Thanks to the warning methods and hence the reduced number of sprayings, the phenomenon did not appear in Cameroon and Côte d’Ivoire for 10 or even 15 years of use of the fungicides to control Black Sigatoka.

In Guadeloupe and Martinique, the problems started to appear with control of Yellow Sigatoka after 20 or even 30 years of rational use of these fungicides using warning methods.

black sigatoka 1
black sigatoka 1
black sigatoka
black sigatoka

New essential control methods

Present control strategies cannot be used indefinitely. The European legislation in force in the French West Indies makes it technically impossible to use rational control strategies based on the alternation of several active substances with different modes of action. Only two fungicides in the triazole family can currently be used for aerial spraying.

A strobilurin fungicide and another in the morpholin group received marketing authorisations at the end of 2008, but they are not used to control Sigatoka diseases as the authorisation is accompanied by a 100-metre unsprayed buffer zone and this is incompatible with aerial spraying.

Actions can be envisaged to address this problem of regulations, such as reducing the buffer zone to 50 metres, using land-based sprayers and technical developments to reduce the drift of fungicide sprays, the registration of new systemic fungicides, requests for derogations, etc. — but the legislation may well become increasingly restrictive in the future.
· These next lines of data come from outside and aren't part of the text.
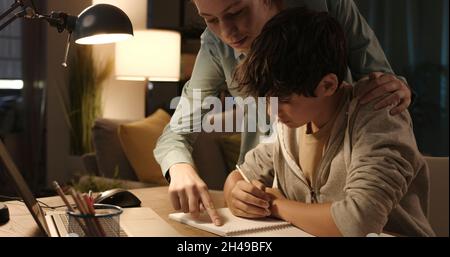 Sorella premurosa che aiuta suo fratello più giovane con i compiti a scuola Foto Stock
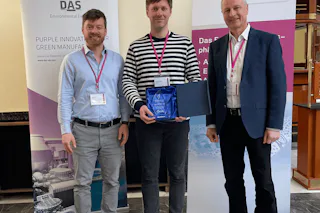 enaDyne Personen stehen lächelnd in einem Bürogebäude vor zwei Roll-Up-Bannern, während eine Person eine blaue Auszeichnung hält.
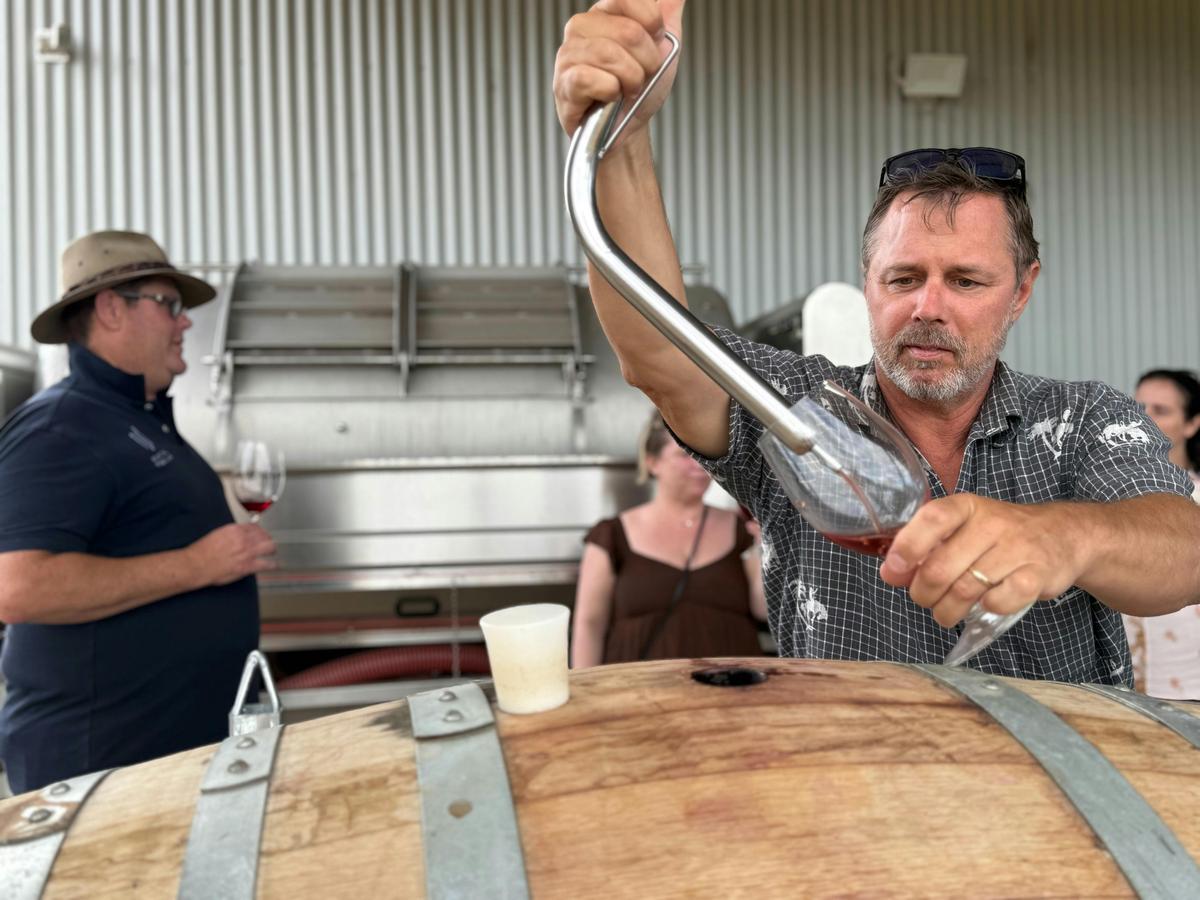 A behind-the-scenes barrel tasting during the Growing to Glass experience.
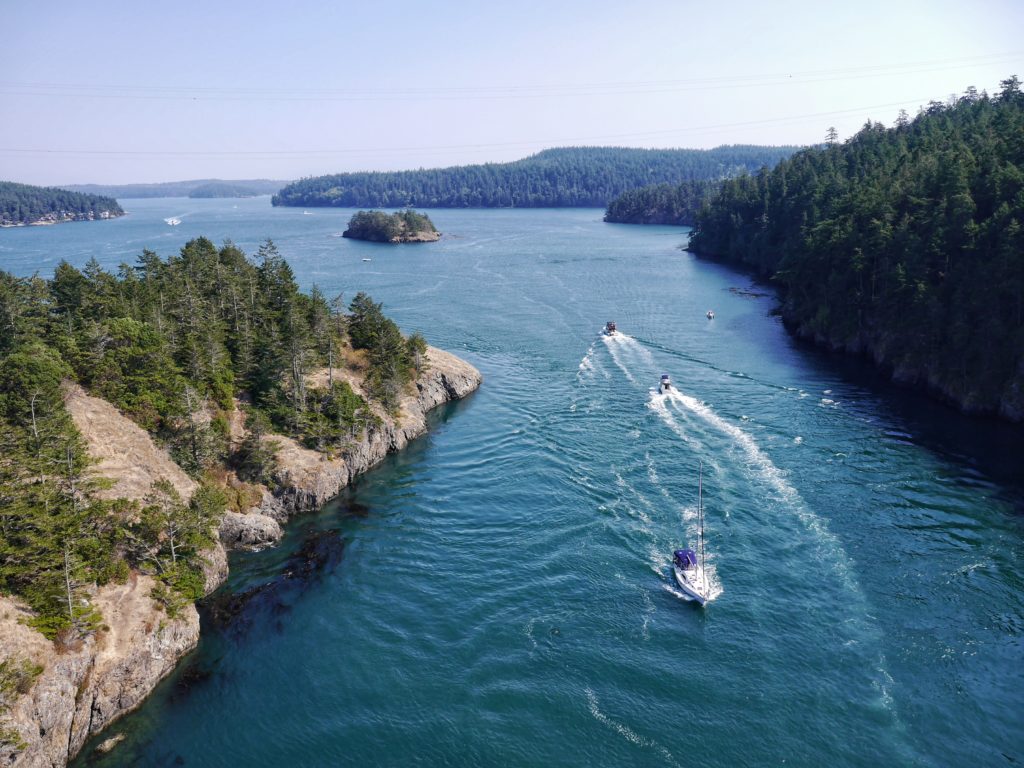 Aerial perspective of the Deception Pass Bridge spanning the turbulent turquoise waters between two islands.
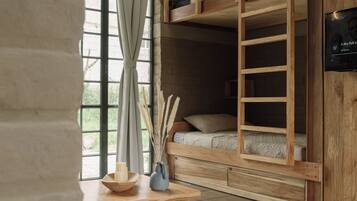 Una habitació acollidora amb un llit superposat, una taula de fusta amb espelmes i una finestra gran amb cortines.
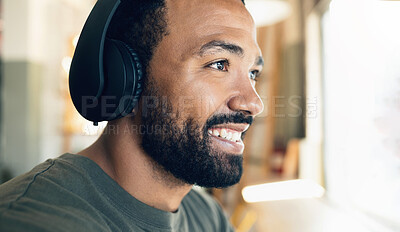 Buy stock photo Face, smile and music with a man listening to audio in the living room of his home closeup. Headphones, radio and a happy young person having fun while streaming sound alone in his house to relax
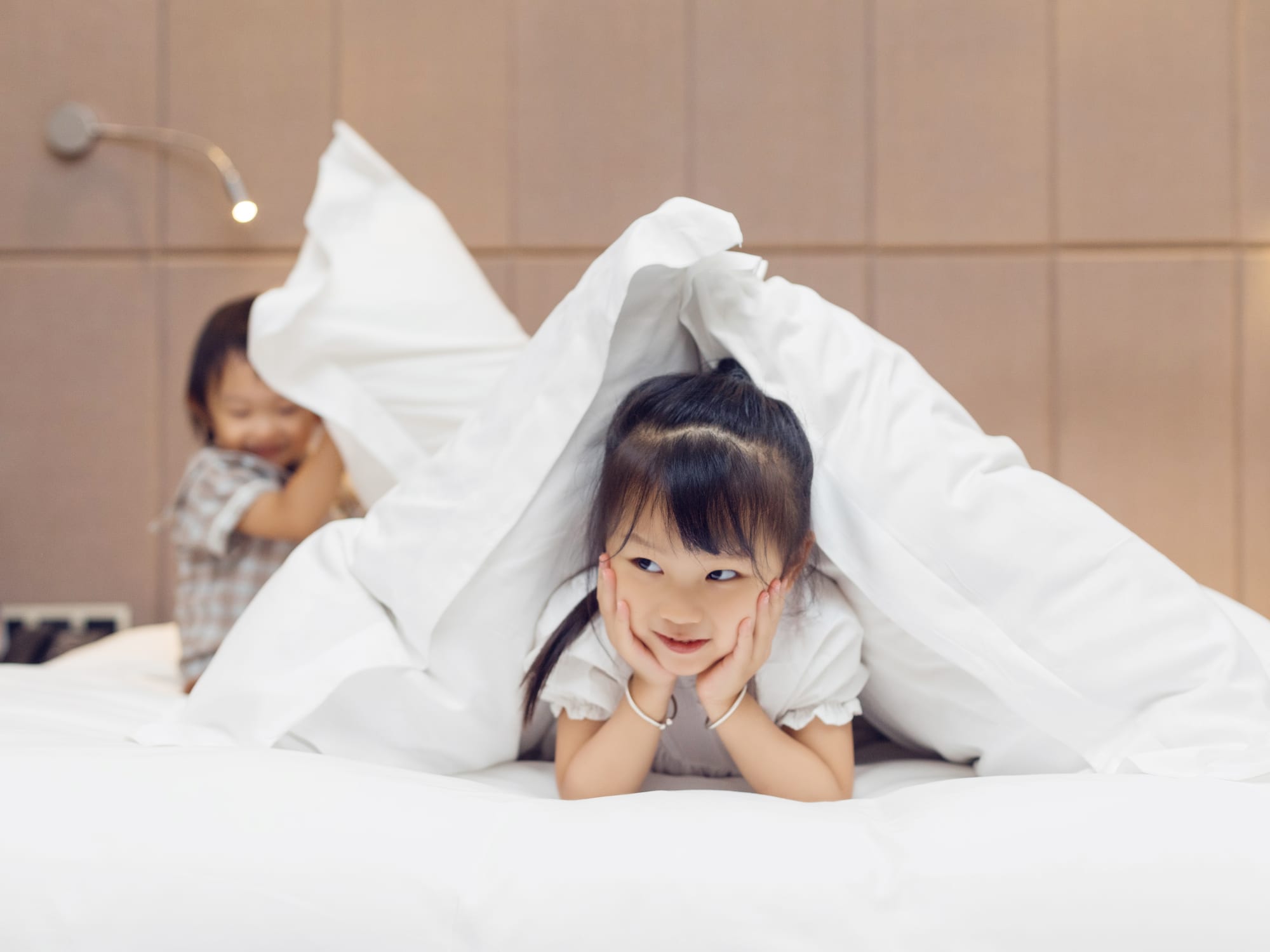 a girl lying on a bed under a blanket
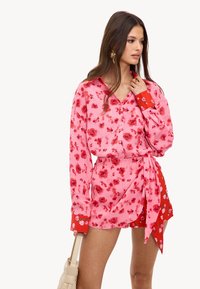 Femme portant une blouse rose à fleurs avec des poignets rouges à motifs floraux et une jupe portefeuille assortie, tenant un sac à main tissé beige.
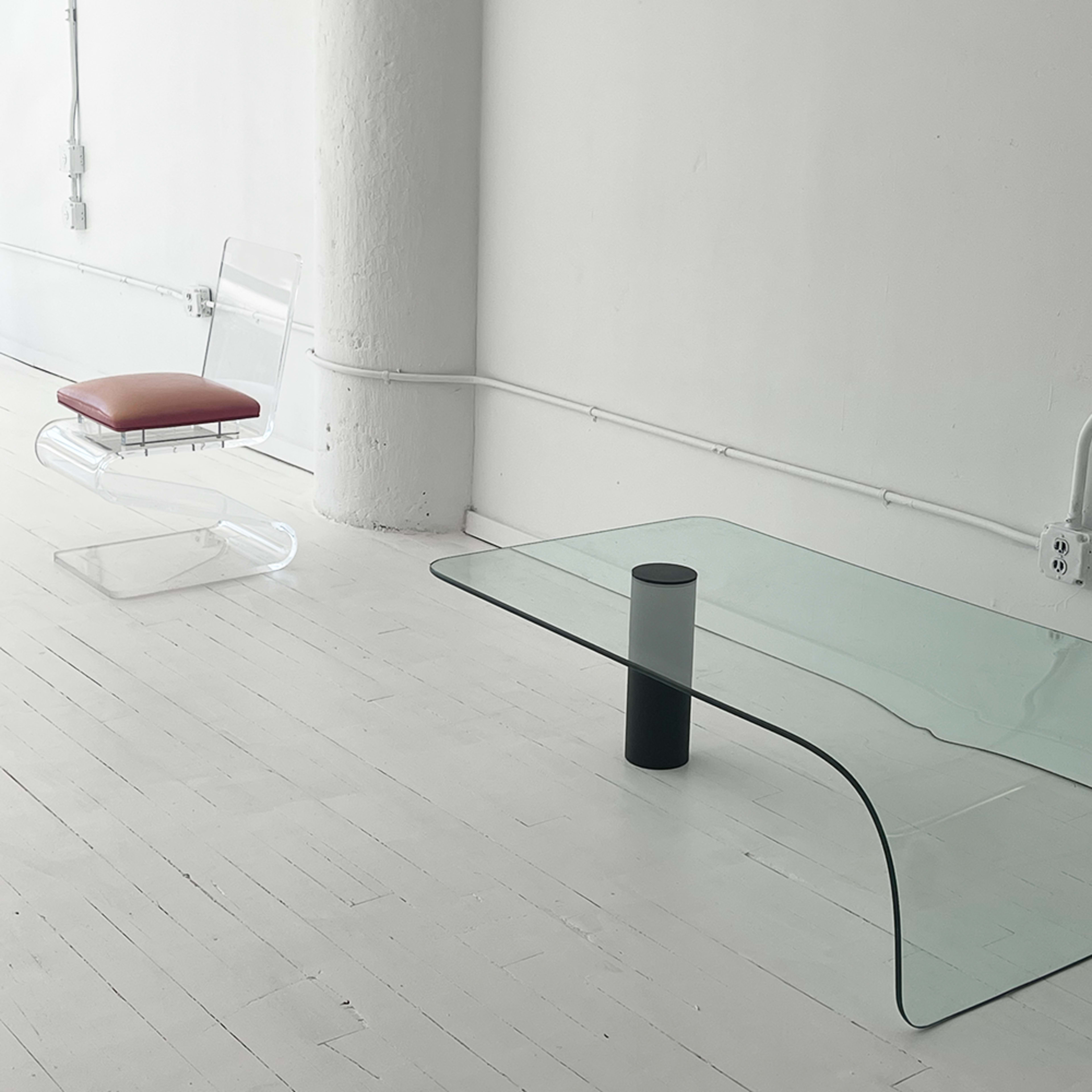 A minimalist interior with a transparent chair and a curved glass coffee table on a white wooden floor.
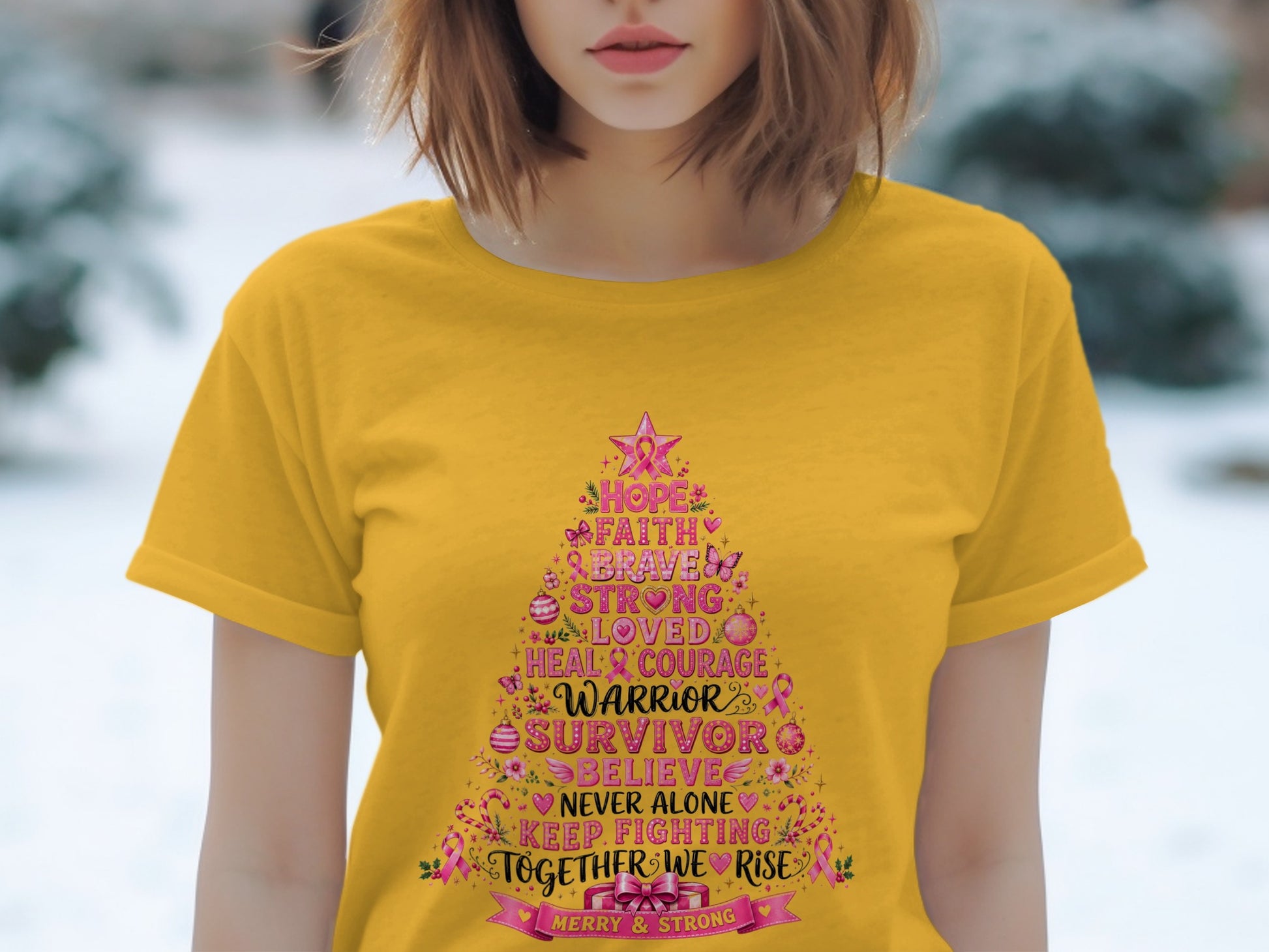 Yellow t-shirt with a pink Christmas tree design listing motivational words and "Warrior Survivor".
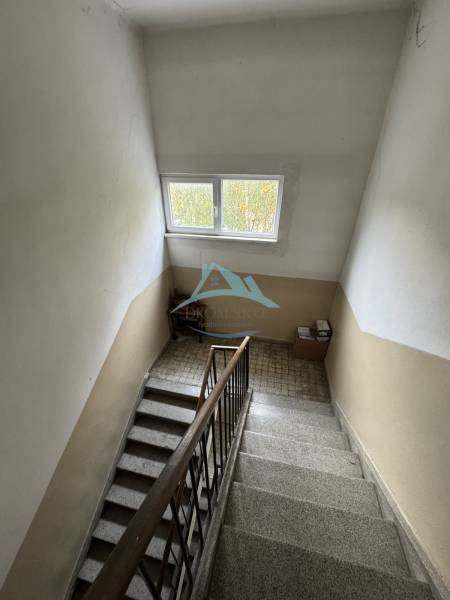A staircase with a wooden railing in a 2-room apartment, an interior space with a window.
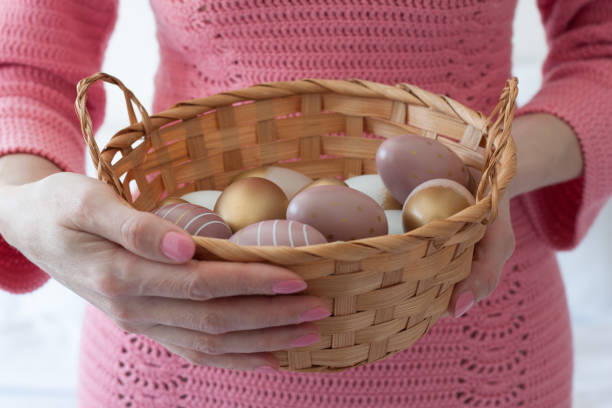 istock A woman holds an Easter basket with eggs in her hands 1394034742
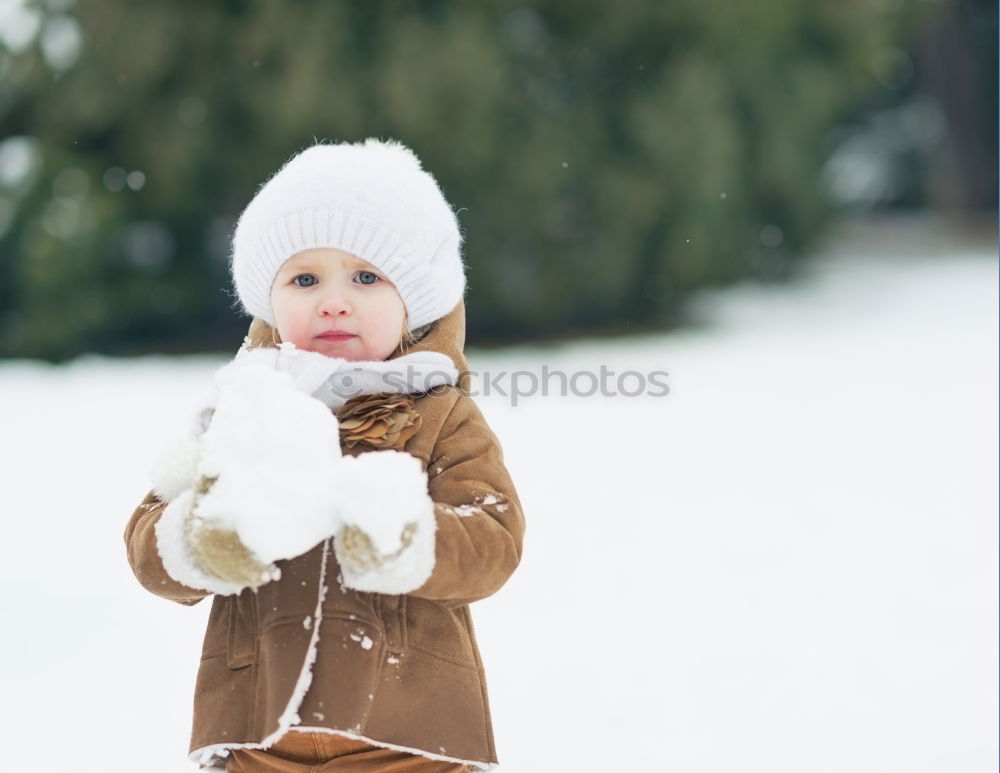 Similar – baby girl in knitted hat walking in winter forest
The feasibility of the implementation of rational control is based on the status of the fungal strains with regard to curative fungicides. If the strains are (see status of invasive strains) or become resistant to these fungicides (see risks of the rapid mutation of M. fijiensis), this will irremediably compromise the implementation of such strategies.

Other methods must therefore be sought to control or regulate Black Sigatoka. Breeding new hybrid varieties with lasting resistance and good agricultural and organoleptic potential is a component of integrated management to be favoured for the control of Black Sigatoka.

These varieties must be incorporated in innovative, sustainable cropping systems that also include cultural control methods (optimum plant management, rational inoculum management using mechanical cleansing techniques, etc.) that will thus make it possible to reduce the negative environmental impacts of commercial plantations and in particular reduce the application of pesticides.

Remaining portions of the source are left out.